TASK TO CARRY OUT
Set the data below down again, exactly, with every picture left out.

GIVEN INFORMATION
|---|
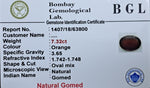 Gomed 7.32ct Certificate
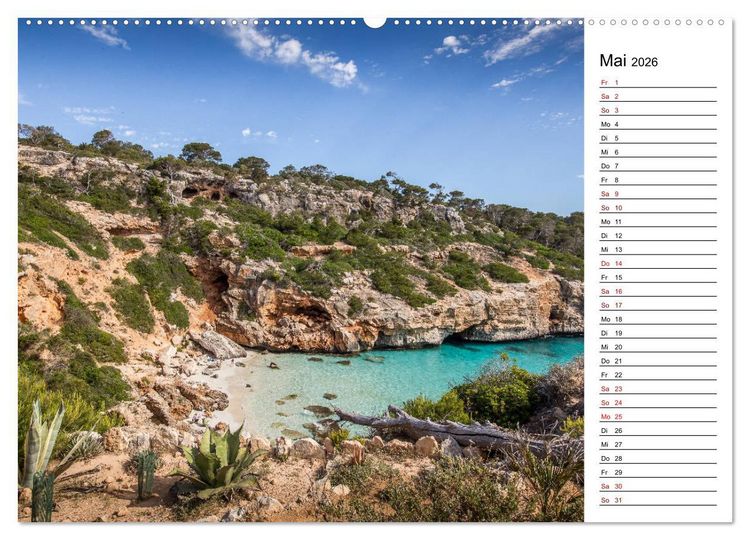 Produktbild: Mallorca - Str&auml;nde im S&uuml;dosten (hochwertiger Premium Wandkalender 2026 DIN A2 quer), Kunstdruck in Hochglanz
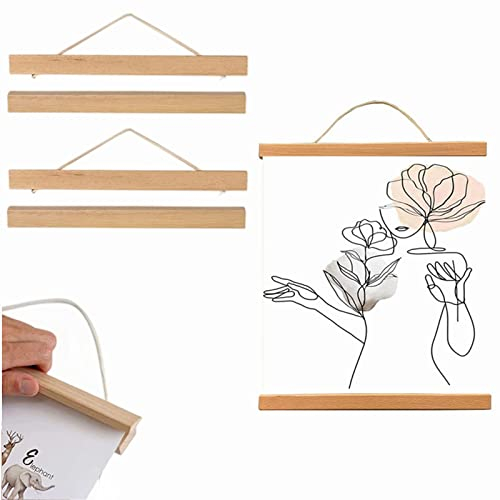 Porte-affiche, Cadre Aimanté Bois Naturel, 2 Pièces Cadre Magnétique de Photo en Bois, Cadre Photo en Bois Magnétique, Magnétique Affiche Cintre, pour accrocher des photos, des peintures (31cm)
|---|
ANSWER TO THE EXERCISE
 Gomed 7.32ct Certificate
 Produktbild: Mallorca - Str&auml;nde im S&uuml;dosten (hochwertiger Premium Wandkalender 2026 DIN A2 quer), Kunstdruck in Hochglanz
 Porte-affiche, Cadre Aimanté Bois Naturel, 2 Pièces Cadre Magnétique de Photo en Bois, Cadre Photo en Bois Magnétique, Magnétique Affiche Cintre, pour accrocher des photos, des peintures (31cm)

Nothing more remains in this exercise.